In KO UK Pension Trustees Ltd. v Barber (a 2024 judgment which has only recently become available), the High Court sanctioned a trustee's application for approval of two decisions concerning a DB occupational pension scheme with 286 pensioners, 494 deferred pensioners and five active members.

The trustee of the Coca-Cola Company Pension and Assurance Scheme sought the Court’s approval to vary a termination payment under existing buy-in insurance arrangements to match the cost of the purchase of a new replacement policy, in return for the principal employer giving notice to terminate the scheme. This would be coupled with the exercise of the augmentation power under the scheme rules to increase benefits from the surplus released during winding up, potentially up to 27 per cent for each member.

The scheme's assets had been largely secured through a buy-in insurance agreement, which had been reinsured with a captive reinsurer within the employer's corporate group. The trustee had no unilateral power to trigger winding up or grant augmentations without the principal employer's agreement while the scheme was ongoing.

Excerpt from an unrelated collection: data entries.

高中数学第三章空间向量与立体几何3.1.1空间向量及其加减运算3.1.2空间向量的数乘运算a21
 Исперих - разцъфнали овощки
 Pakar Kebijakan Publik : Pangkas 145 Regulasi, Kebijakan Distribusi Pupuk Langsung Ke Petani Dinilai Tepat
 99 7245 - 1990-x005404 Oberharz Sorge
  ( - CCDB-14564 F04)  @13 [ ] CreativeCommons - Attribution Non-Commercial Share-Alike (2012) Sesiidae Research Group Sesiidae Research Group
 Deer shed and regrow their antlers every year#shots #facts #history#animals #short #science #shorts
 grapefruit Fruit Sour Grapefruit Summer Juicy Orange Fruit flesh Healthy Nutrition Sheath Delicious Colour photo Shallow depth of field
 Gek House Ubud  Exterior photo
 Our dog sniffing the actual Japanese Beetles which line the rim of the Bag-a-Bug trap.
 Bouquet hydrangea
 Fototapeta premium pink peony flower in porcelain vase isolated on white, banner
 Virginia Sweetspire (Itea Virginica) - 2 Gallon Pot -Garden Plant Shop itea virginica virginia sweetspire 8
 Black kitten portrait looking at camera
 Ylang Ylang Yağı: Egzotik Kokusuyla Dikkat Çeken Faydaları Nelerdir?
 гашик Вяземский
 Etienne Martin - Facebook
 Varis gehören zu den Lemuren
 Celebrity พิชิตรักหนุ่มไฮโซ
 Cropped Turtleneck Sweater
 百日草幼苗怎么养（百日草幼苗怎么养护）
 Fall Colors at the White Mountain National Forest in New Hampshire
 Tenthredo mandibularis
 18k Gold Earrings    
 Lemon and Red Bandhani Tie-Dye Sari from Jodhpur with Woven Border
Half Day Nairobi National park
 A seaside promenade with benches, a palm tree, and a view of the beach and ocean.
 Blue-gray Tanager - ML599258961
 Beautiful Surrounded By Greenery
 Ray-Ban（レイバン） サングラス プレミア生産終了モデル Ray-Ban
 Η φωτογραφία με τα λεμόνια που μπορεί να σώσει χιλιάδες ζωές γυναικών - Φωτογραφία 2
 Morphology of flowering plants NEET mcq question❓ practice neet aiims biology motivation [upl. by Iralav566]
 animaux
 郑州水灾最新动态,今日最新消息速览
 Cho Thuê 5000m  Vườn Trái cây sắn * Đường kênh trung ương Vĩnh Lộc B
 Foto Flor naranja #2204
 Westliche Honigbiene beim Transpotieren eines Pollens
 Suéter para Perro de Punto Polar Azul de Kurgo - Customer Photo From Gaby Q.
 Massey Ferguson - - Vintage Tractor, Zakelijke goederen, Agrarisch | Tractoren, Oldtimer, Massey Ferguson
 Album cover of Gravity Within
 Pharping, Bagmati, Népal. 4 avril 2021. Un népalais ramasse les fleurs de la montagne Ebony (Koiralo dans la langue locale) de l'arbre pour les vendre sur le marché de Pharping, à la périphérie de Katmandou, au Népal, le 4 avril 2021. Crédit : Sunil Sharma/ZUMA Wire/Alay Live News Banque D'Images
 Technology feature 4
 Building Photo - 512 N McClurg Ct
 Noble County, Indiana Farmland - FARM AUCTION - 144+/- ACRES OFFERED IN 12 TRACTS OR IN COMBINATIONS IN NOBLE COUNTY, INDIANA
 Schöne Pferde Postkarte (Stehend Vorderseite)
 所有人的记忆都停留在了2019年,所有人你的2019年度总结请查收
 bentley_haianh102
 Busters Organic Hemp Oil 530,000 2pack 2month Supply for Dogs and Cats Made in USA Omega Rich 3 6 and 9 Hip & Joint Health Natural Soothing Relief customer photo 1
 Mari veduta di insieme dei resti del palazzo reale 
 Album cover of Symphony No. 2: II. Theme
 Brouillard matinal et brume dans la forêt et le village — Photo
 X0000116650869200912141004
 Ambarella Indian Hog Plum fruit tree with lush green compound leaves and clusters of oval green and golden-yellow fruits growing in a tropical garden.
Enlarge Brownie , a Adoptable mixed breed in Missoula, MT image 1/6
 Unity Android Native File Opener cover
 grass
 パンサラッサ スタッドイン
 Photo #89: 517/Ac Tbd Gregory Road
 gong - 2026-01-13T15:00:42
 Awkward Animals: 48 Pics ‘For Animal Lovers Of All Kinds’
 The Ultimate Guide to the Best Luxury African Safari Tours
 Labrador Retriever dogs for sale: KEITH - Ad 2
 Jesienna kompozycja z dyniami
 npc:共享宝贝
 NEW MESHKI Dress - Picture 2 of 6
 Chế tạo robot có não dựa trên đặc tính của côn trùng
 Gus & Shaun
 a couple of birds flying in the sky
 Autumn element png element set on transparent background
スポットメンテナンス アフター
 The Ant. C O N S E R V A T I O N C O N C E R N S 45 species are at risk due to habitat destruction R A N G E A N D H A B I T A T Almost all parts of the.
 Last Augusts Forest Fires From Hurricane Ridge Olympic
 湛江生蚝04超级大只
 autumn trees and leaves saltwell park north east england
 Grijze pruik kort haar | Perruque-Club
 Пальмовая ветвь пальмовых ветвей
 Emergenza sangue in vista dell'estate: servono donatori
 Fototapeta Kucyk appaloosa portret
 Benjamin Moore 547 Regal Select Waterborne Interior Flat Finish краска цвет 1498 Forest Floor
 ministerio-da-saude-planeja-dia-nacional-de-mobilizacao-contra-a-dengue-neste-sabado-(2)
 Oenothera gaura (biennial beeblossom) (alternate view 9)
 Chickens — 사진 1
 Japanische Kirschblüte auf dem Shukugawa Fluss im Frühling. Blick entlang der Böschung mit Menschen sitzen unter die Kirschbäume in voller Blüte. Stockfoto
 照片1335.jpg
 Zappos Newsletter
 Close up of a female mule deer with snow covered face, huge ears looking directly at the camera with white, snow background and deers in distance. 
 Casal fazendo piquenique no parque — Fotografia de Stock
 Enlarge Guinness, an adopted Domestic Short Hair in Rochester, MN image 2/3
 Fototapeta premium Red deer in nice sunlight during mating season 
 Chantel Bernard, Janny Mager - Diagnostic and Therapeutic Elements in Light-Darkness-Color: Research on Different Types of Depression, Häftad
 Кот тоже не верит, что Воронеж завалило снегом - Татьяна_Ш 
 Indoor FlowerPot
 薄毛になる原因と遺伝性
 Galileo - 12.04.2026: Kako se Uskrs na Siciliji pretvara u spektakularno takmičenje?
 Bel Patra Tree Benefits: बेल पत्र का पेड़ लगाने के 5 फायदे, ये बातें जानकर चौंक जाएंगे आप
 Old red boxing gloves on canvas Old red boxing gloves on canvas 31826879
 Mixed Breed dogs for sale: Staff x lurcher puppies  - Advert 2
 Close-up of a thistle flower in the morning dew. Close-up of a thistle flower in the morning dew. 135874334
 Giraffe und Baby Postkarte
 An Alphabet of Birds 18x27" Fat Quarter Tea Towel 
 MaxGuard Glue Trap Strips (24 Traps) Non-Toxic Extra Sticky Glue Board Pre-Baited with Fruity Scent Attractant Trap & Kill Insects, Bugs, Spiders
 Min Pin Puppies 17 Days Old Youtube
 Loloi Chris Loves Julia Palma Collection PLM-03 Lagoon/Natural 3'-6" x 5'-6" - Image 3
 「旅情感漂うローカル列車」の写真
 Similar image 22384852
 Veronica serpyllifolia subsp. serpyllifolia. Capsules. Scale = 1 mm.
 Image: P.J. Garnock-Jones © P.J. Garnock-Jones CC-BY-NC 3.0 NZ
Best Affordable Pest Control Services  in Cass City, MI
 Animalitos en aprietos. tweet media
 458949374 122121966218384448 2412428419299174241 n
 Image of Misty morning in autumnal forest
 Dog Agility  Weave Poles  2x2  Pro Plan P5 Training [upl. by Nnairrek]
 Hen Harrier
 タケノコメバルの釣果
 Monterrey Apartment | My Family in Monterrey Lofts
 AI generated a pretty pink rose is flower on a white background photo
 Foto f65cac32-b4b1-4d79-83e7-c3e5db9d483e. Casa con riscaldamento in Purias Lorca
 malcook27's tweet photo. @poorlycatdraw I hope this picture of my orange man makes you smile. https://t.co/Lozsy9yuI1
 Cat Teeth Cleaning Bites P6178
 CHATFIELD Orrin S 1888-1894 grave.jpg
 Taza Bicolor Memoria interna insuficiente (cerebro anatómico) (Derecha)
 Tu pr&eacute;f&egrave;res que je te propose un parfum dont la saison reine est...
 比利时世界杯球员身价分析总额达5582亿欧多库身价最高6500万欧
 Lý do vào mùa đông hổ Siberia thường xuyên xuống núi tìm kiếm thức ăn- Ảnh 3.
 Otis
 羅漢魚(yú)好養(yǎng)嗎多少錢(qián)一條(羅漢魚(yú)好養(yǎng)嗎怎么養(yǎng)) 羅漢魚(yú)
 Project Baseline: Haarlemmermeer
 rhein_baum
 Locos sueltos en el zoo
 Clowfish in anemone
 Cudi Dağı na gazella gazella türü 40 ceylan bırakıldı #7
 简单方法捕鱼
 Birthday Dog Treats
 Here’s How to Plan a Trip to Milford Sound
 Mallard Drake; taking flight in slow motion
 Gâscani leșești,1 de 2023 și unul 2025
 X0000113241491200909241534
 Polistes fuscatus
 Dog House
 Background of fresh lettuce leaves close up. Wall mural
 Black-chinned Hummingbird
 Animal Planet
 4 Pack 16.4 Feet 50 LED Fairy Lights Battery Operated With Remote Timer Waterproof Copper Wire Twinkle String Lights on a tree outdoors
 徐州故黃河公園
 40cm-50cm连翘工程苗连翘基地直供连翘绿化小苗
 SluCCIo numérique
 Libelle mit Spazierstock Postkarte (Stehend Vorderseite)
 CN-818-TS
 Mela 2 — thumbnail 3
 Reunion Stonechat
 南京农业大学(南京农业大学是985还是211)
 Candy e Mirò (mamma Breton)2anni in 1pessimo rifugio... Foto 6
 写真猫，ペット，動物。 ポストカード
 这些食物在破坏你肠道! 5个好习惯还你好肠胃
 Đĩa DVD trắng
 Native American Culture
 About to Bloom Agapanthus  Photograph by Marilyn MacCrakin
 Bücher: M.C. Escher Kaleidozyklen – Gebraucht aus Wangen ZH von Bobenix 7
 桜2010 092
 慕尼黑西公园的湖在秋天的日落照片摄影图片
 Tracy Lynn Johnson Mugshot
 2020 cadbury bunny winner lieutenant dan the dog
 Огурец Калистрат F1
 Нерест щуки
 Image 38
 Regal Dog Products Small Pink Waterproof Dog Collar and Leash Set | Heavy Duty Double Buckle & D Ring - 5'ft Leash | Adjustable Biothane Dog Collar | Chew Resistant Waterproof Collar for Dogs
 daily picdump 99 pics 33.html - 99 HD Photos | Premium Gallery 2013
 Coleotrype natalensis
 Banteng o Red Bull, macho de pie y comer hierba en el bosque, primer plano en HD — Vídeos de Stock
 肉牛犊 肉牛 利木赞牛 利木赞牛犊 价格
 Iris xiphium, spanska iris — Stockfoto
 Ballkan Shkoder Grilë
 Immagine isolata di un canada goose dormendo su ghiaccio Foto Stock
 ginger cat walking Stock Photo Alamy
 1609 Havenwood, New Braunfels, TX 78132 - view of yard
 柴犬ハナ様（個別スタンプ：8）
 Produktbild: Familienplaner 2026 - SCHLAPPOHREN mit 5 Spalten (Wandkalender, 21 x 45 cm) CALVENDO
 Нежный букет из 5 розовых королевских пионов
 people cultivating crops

His Honour Judge Hodge KC was satisfied that the trustee had formed the opinion to act in the way for which approval was sought, both in relation to the variation of the termination payment payable on termination of the existing buy-in, and in exercising the power to make benefit augmentations from the surplus achieved during winding up, by giving all scheme members an equal percentage augmentation, and that the opinion was one which a reasonable body of trustees could properly have arrived at. 

In addition, the judge confirmed that the trustee had taken into account all relevant considerations and ignored irrelevant ones, as well as the opinion not being vitiated by any conflict of interest. The judge was also satisfied that the position of active members had been particularly considered, with due regard to be given to their discrete interests.

The High Court made a representation order appointing the defendant (a former director of the trustee company) to represent beneficiaries whose interests might be served by opposing the application. After receiving legal advice, the application was not opposed. The High Court approved the trustee's decisions, noting they effectively swapped a contingent possibility of greater surplus in the future (which would be shared between fewer beneficiaries) for present augmentations for a larger number of beneficiaries.

Comment

The Court was willing to look at the practical realities of the situation and approve the decisions in principle taken by the trustee. The judgment serves as a useful reminder of the relevant considerations and the Court’s approach.

In particular, the Court was told that the back-to-back insurance arrangements were relatively unusual in the pensions industry. Most of the liabilities were secured by a buy-in policy with a well-known insurer and then reinsured with a “captive insurer” within the Coca-Cola corporate group.  

The assets released from the reinsurance arrangements were then paid to the employer via the scheme as a return of surplus.   While this would be subject to a tax charge, it also enabled a return to the employer of another £46m surplus of assets of the scheme.  

This is an interesting case but the judge noted that the facts are scheme-specific and unusual. It is unlikely to herald the start of wide-scale unwinding of past buy-in policies.